AVCA was formed in 2016 by vapers across New Zealand wanting their voices heard in local and central government. All members are former smokers who promote vaping to help smokers quit - a much less harmful alternative to combustible tobacco products. AVCA does not have any affiliation or vested interest in industry - tobacco, pharmaceutical and/or the local vaping manufacturing or retail sectors.
Trade body VTANZ also joined in the condemnation of the bill and also demanded the Government to turn its attention to across the Tasman and support their fellow ANZACs to lower their higher smoking rates.

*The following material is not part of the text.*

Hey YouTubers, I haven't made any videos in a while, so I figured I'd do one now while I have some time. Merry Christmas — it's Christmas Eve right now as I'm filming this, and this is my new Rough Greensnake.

“We now want our New Zealand MPs to positively encourage the Australian Federal Government to follow suit and legalise and regulate vaping. Our Government needs to also raise its concerns over Australia’s decision to ban the importation of all e-cigarette products containing nicotine from 1 January 2021. Such a move will not only cost Australian lives, as more stick to smoking, but it will cost New Zealand jobs,” says Mr Devery.

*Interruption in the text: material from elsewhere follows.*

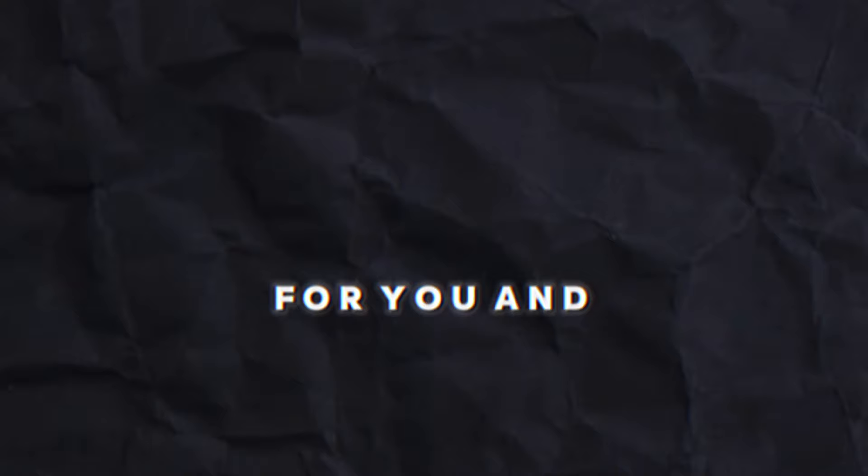It seems our beautiful journey has come to an end. I hope you enjoyed the video and it was useful for you. See you in the next video.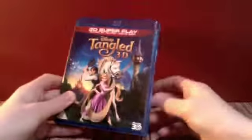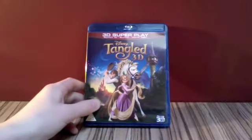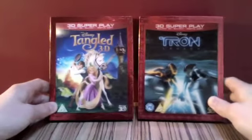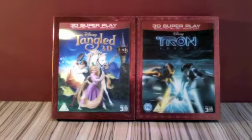And that is the Tangled 3D Superplay. Let's stick the slipcover back on there. This was my second 3D Superplay from Disney, my first being Tron Legacy — both with the fantastic red borders and lenticular covers. I hope you enjoyed this unboxing of Tangled 3D, which is a fantastic film from Disney. Please tune in to more from me, and don't forget to comment, rate and subscribe if you like my videos. Thank you.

Jonathan Devery, spokesperson of the Vaping Trade Association of New Zealand (VTANZ), says vaping has been key to New Zealand achieving record-low smoking rates, and despite the latest legislation’s shortcomings, the country must stay laser focused on its smokefree ambition.
He says despite the bill passing, it’s disappointing so much uncertainty around the regulations remains for local businesses. The representative body says it’s essential the industry now has the opportunity to work with the Ministry of Health to provide expert input on the regulations.

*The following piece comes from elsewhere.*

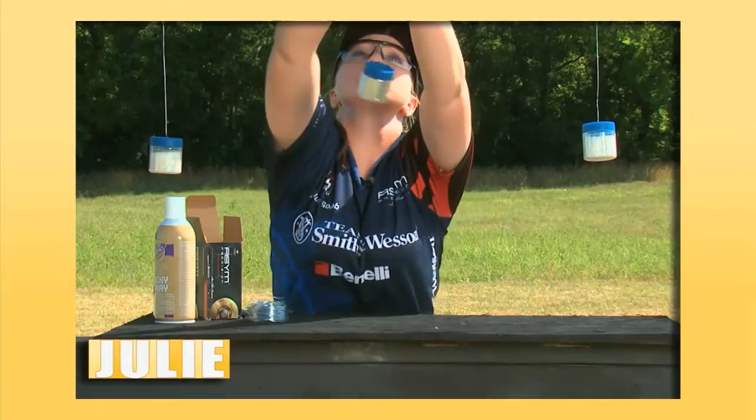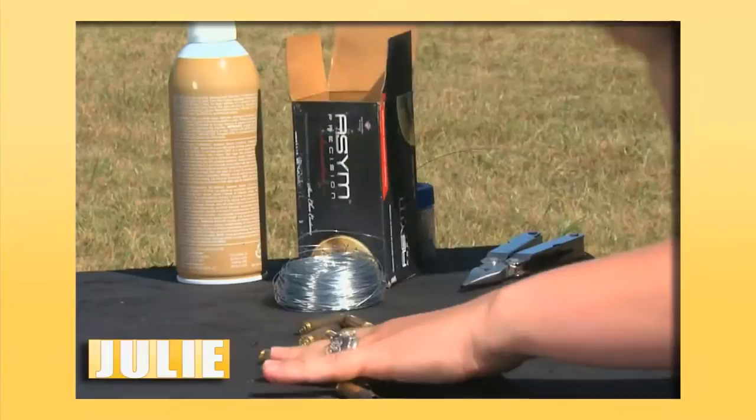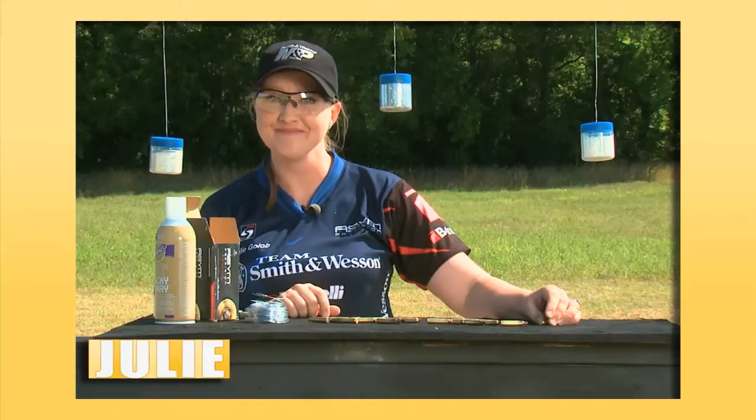I've attached the wire to the glitter, so all I have to do is hang it like so. Now for the fun part — we get to shoot this with a shotgun. We're going to lay out our brass; doesn't matter how it is, just spread it out. Your happy little elf is going to spray that glue on there for you, 8 to 12 inches, and we're going to shoot it up.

Mr Devery says the process around such a key piece of legislation has been flawed since day one. He is now calling on Associate Health Minister Jenny Salesa to provide clarity to the Kiwi vape industry on complex regulatory detail, give assurance the industry will be closely consulted, and implementation timelines will be workable.
“We’ve been calling for regulation for over five years so it’s deeply disappointed that it ended up being rushed through before the election. That follows the public submission period being shortened and oral submitters having to present to the Health Select Committee via teleconference,” he says.
Mr Devery says the industry wholeheartedly supports Parliament strictly enforcing vaping as an R18 activity and introducing product safety standards.
However, parts of the Smokefree Environments and Regulated Products (Vaping) Amendment Act won’t help New Zealand reduce its smoking rates.
“Limiting vape flavours to just three in general retail, such as supermarkets, service stations and convenience stores, will hinder our smokefree progress. Banning all vape advertising too will see fewer Kiwi smokers encouraged to make the switch,” he says.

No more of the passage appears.